06 junho 2013

Ele escreve na última página do «Público» !

Azares de um engraçadinho
que também é um idiota chapado


Fazendo apelo às minhas cada vez mais diminuídas reservas de tolerância e boa-vontade, há duas coisas que eu até posso admitir: uma é que o Público, temendo que os seus leitores estejam fartos de desgraças, convide um engraçadinho ou humorista para  escrever na sua última página (escusava era de ser de direita como este João Miguel Tavares); a outra é que sou capaz de calcular o que isso de ter de escrever humor com prazo marcado e dia certo.
Em contrapartida, há uma coisa em que não estou disposto a colaborar, a saber, que escrever humor seja uma espécie de passaporte para a impunidade do dislate, da parvoíce e do reaccionarismo.
Acontece que João Miguel Tavares, no quadro de elegias aos direitos da propriedade privada, nos brinda hoje com o seguinte parágrafo a respeito do caso do quadro de Crivelli : « Antes que chovam comentários desagradáveis da esquerda trompe l'oeil, eu juro por todos os santos que não sou um neo-super-hiper.megaliberal. Percebo que, no limite, haja interesses nacionais que devam ser acautelados. Só que toda abordagem deste caso, dá omo natural o impedimento da saída deste quadro, quando num país decente tal decisão só pode: 1) ser considerada absolutamente excepcional; 2) vir acompanhada de um cheque de  três milhões à ordem de Pais do Amaral».

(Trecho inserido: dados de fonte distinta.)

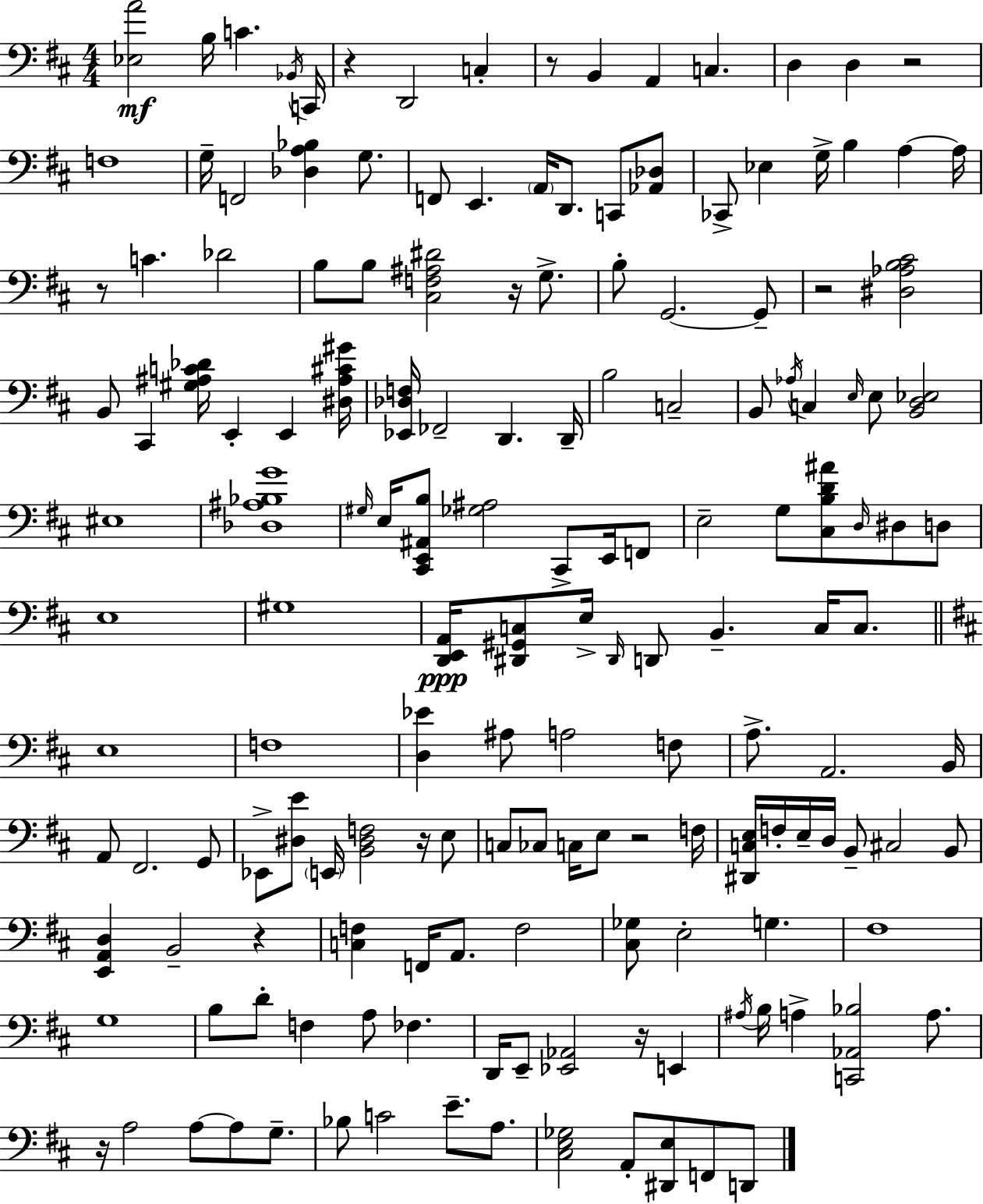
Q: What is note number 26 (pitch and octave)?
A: A3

Acontece que o engraçadinho que o Público resolveu contratar há uns tempos teve o azar de, nesta mesma edição do jornal, se explicar detalhadamente que esta pintura está protegida legalmente desde 1970 e que essa protecção «dispunha já a impossibilidade de alienaçaõ definitiva com saída do território nacional» (condicionante que está presente com toda naturalidade na legislação da maior parte dos países). E o jornal até vem acrescentar que o preço da venda a Pais do Amaral do quadro pelos seus anteriores proprietários até terá sido mais baixo exactamente por causa dessa condicionante. Enfim, talvez se possa dizer que, mais do que realmente engraçado, João Miguel Tavares caiu na graça do Público.

2 comentários:

  1. Destas vigarices está o País cheio e nem os "engraçadinhos" conseguem escondê-las.

    Um beijo.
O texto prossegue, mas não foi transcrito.